We have to tackle geography and gender. The North-West of England is leading the charge when it comes to training institutes, but we can’t rely on trainee teachers to relocate to reach the places where school vacancies are highest. Many are filling unqualified education posts near where they trained, while schools suffer shortages elsewhere. The Government should create and publicise tax incentives for teachers to relocate where they’re needed, but also regionalise the teaching recruitment model rather than looking at a distorted national picture.
Women account for three-quarters of jobs in education, and in the primary sector this rises to 90 per cent. Boosting male recruitment into teaching jobs could help square off the shortage, but there’s a more complex balancing act to strike. Despite dominating in overall staff numbers, only two-thirds of headteachers are female, and the gender pay gap widens with seniority. These problems all require attention to ensure diversity both in classrooms and school leadership structures.

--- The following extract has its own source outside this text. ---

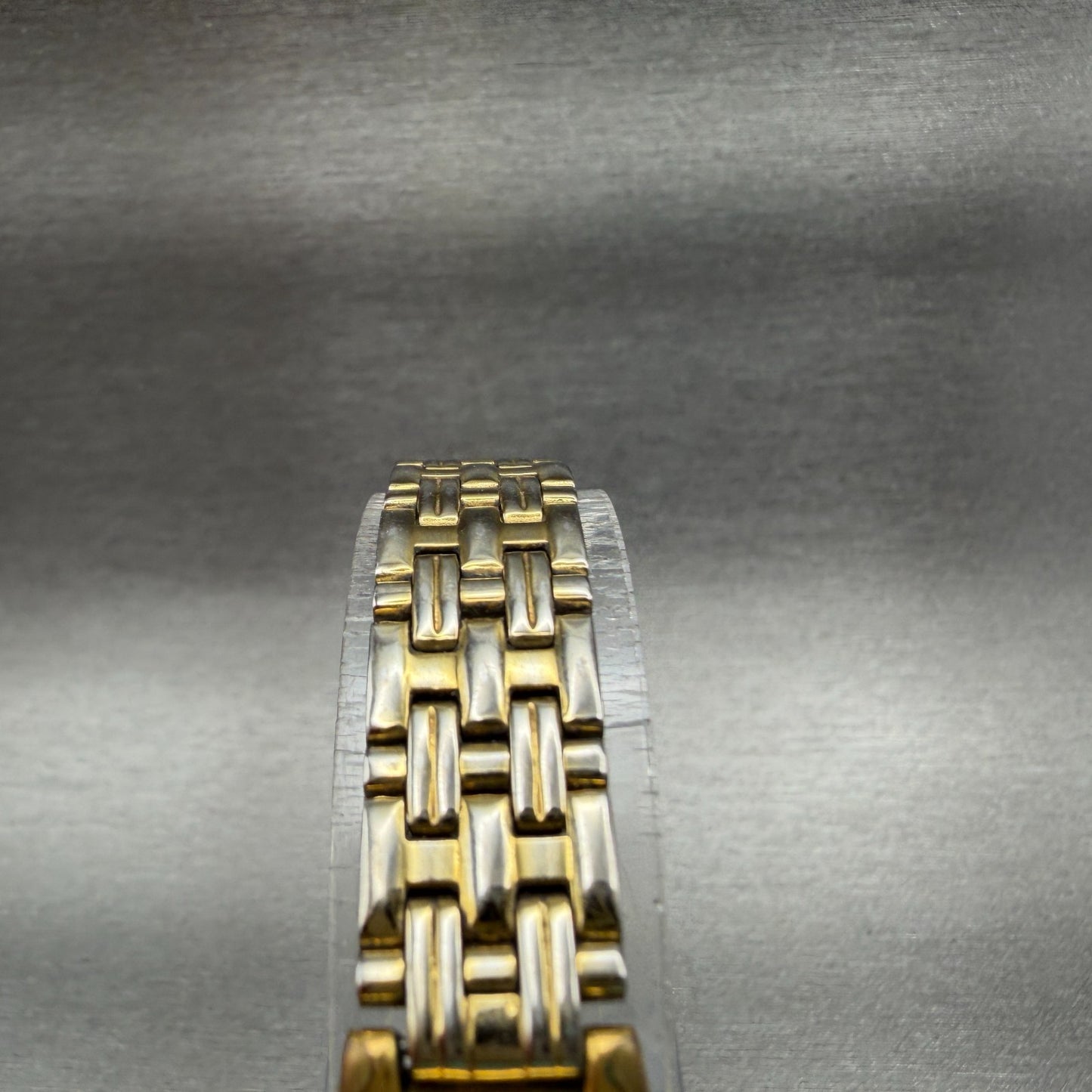 Seiko Tank Watch Women 13mm Champagne Dial Gold Tone 2e20-7021 New Battery 45673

Retention needs to go hand in hand with entry-level recruitment; with an ageing population, and the state pension age only moving in one direction, the education sector needs to shake up societal attitudes and become more accepting and accommodating towards older teachers. Increasing the provision of flexible working or job-shares could persuade teachers to delay their retirement. Supply teaching is one flexible resourcing model that can attract retired or disillusioned teachers back into the workforce, offer an olive branch to NQTs and give schools a vital reprieve while hiring.
Additionally, 45 per cent of teachers say that taking on more of a mentorship role would encourage them to stay working for longer – benefitting the progression of junior colleagues too. Phased retirement programmes, a narrower curriculum and regular retraining schemes can also push back retirement plans and stem the retreat of senior expertise.
There’s a time-bomb heading our way, and we can’t afford paralysis. It’s time to launch a long-term offensive, and ensure the safer passage of staffing levels in years to come.